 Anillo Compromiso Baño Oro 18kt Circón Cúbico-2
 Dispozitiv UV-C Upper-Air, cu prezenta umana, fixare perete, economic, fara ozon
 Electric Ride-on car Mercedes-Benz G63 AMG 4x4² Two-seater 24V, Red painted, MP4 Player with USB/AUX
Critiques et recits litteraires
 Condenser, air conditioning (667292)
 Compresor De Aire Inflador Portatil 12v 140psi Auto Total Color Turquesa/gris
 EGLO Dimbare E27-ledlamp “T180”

- - -

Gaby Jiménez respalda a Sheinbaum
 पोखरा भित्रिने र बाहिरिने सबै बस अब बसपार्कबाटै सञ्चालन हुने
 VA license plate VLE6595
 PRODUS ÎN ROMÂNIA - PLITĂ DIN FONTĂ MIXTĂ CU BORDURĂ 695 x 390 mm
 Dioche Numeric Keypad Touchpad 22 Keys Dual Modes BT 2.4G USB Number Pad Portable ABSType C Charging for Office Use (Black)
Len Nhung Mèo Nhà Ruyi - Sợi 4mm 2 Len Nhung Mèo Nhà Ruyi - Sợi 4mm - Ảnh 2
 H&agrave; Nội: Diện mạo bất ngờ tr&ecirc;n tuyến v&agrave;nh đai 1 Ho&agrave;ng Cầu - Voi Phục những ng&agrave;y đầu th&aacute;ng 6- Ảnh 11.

- - -

INSTRUCTIONS FOR THE TASK: When the line with "Critiques et recits litteraires" is reached in the data above, begin copying, and stop after the line with "EGLO Dimbare E27-ledlamp"; copy each line exactly, both ends included.

TASK RESULT:
Critiques et recits litteraires
 Condenser, air conditioning (667292)
 Compresor De Aire Inflador Portatil 12v 140psi Auto Total Color Turquesa/gris
 EGLO Dimbare E27-ledlamp “T180”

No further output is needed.